## Work to be completed
Reproduce the records below exactly as they are written.

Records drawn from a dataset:
▶
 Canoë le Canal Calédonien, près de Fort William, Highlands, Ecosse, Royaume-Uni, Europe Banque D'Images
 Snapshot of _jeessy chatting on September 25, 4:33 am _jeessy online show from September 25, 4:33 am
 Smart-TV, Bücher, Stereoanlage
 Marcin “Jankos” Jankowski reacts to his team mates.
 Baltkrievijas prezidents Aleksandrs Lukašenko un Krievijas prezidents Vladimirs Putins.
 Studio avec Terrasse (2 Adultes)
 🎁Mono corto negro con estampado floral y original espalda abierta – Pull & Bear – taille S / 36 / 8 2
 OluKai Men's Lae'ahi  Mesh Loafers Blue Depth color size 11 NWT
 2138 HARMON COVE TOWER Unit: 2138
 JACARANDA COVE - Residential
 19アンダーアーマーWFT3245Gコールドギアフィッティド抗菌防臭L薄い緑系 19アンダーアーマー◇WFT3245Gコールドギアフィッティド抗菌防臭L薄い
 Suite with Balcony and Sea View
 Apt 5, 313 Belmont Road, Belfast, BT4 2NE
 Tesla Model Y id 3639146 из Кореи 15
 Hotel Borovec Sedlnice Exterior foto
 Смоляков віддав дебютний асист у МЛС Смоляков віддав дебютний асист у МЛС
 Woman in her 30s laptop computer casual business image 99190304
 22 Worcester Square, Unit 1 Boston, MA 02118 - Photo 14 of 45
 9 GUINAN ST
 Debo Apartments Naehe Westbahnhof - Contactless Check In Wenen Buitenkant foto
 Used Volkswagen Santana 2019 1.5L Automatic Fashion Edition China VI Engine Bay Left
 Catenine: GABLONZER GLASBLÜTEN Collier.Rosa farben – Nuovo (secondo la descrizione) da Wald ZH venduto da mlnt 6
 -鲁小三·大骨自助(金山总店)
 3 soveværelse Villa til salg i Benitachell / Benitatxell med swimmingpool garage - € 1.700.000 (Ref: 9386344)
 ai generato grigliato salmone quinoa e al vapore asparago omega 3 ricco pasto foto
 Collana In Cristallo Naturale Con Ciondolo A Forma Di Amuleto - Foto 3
◀
## Task output
 Canoë le Canal Calédonien, près de Fort William, Highlands, Ecosse, Royaume-Uni, Europe Banque D'Images
 Snapshot of _jeessy chatting on September 25, 4:33 am _jeessy online show from September 25, 4:33 am
 Smart-TV, Bücher, Stereoanlage
 Marcin “Jankos” Jankowski reacts to his team mates.
 Baltkrievijas prezidents Aleksandrs Lukašenko un Krievijas prezidents Vladimirs Putins.
 Studio avec Terrasse (2 Adultes)
 🎁Mono corto negro con estampado floral y original espalda abierta – Pull & Bear – taille S / 36 / 8 2
 OluKai Men's Lae'ahi  Mesh Loafers Blue Depth color size 11 NWT
 2138 HARMON COVE TOWER Unit: 2138
 JACARANDA COVE - Residential
 19アンダーアーマーWFT3245Gコールドギアフィッティド抗菌防臭L薄い緑系 19アンダーアーマー◇WFT3245Gコールドギアフィッティド抗菌防臭L薄い
 Suite with Balcony and Sea View
 Apt 5, 313 Belmont Road, Belfast, BT4 2NE
 Tesla Model Y id 3639146 из Кореи 15
 Hotel Borovec Sedlnice Exterior foto
 Смоляков віддав дебютний асист у МЛС Смоляков віддав дебютний асист у МЛС
 Woman in her 30s laptop computer casual business image 99190304
 22 Worcester Square, Unit 1 Boston, MA 02118 - Photo 14 of 45
 9 GUINAN ST
 Debo Apartments Naehe Westbahnhof - Contactless Check In Wenen Buitenkant foto
 Used Volkswagen Santana 2019 1.5L Automatic Fashion Edition China VI Engine Bay Left
 Catenine: GABLONZER GLASBLÜTEN Collier.Rosa farben – Nuovo (secondo la descrizione) da Wald ZH venduto da mlnt 6
 -鲁小三·大骨自助(金山总店)
 3 soveværelse Villa til salg i Benitachell / Benitatxell med swimmingpool garage - € 1.700.000 (Ref: 9386344)
 ai generato grigliato salmone quinoa e al vapore asparago omega 3 ricco pasto foto
 Collana In Cristallo Naturale Con Ciondolo A Forma Di Amuleto - Foto 3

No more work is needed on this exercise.